Tribun Travel
Punya Surga Bawah Laut Menawan, Bahoi 'Trendsetter' Desa Model Ekowisata
Bahoi dianugerahi alam nan indah. Birunya laut dan hijaunya hutan mangrove seluas 10 hektare, menjadi pemandangan pertama yang terlihat di desa ini.
Penulis: Finneke | Editor: Fransiska_Noel
Kegiatan konservasi perlindungan kawasan pesisir yang dikembangkan oleh masyarakat adalah dengan menetapkan Daerah Perlindungan Laut (DPL).
Kawasan itu pun dibuat payung hukumnya berupa Peraturan Desa (Perdes) tentang Daerah Perlindungan Laut.
"Kami menetapkan kawasan DPL yang diatur langsung dalam Peraturan Desa. Di kawasan DPL ini dilarang mengambil ikan, apalagi merusak karang. Hanya bisa berupa kegiatan wisata seperti snorkeling dan diving, atau kegiatan penelitian," ujar Maxi Marhaen Lahading, warga Bahoi.
Usaha membangun DPL itu berbuah manis. Alhasil, ikan berkembang biak dengan baik, keindahan terumbu karang terjaga. Dulu masyarakat yang mayoritas adalah nelayan harus jauh melaut baru mendapat ikan.
Sekarang, di jarak yang sangat dekat pun, ikan melimpah. Kondisi ekonomi pun meningkat.
Desa Ekowisata Bahoi dikelola secara partisipatif dengan melibatkan berbagai unsur masyarakat.
Tokoh masyarakat, tokoh adat, tokoh agama dan kelompok masyarakat lainnya terlibat langsung.
Semua fasilitas wisata yang ada dikelola secara oleh warga.
Tamu yang datang menginap ditampung di homestay milik warga.

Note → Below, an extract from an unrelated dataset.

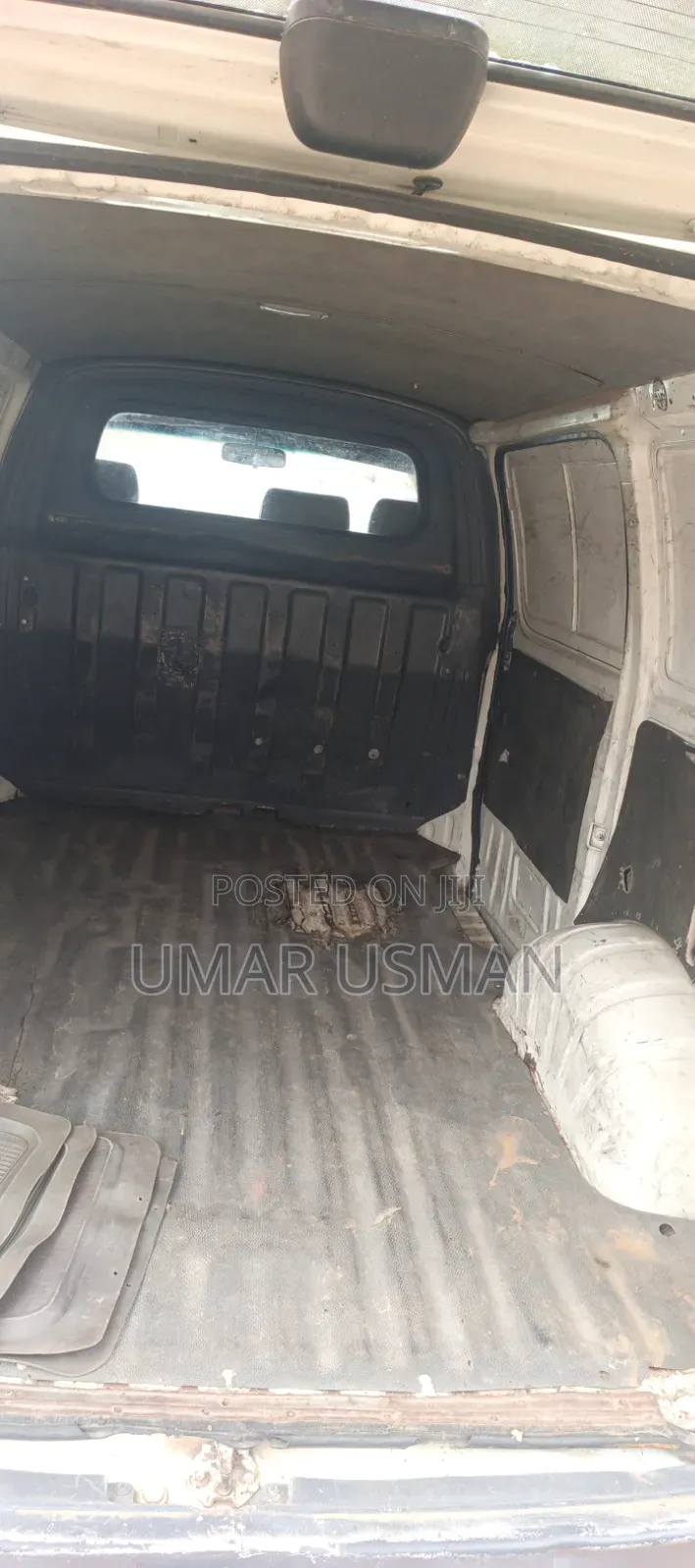 Toyota HiAce 2006 White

Begitu pula dengan pemandu wisata, pemandu selam, operator perahu dan pengrajin.
Bahkan untuk makanan pun langsung dimasak warga.
Kini Bahoi telah menjadi destinasi wisata turis lokal maupun mancanegara.
Namun umumnya, desa ini lebih banyak dikunjungi warga asing.
Di kampung yang dihuni 157 kepala keluarga ini, banyak turis asing berkeliaran. Warga pun telah terlatih bagaimana menyambut tamu dengan baik.
Untuk diving, anda harus mengeluarkan kocek Rp 500 ribu per orang tiap tabungnya.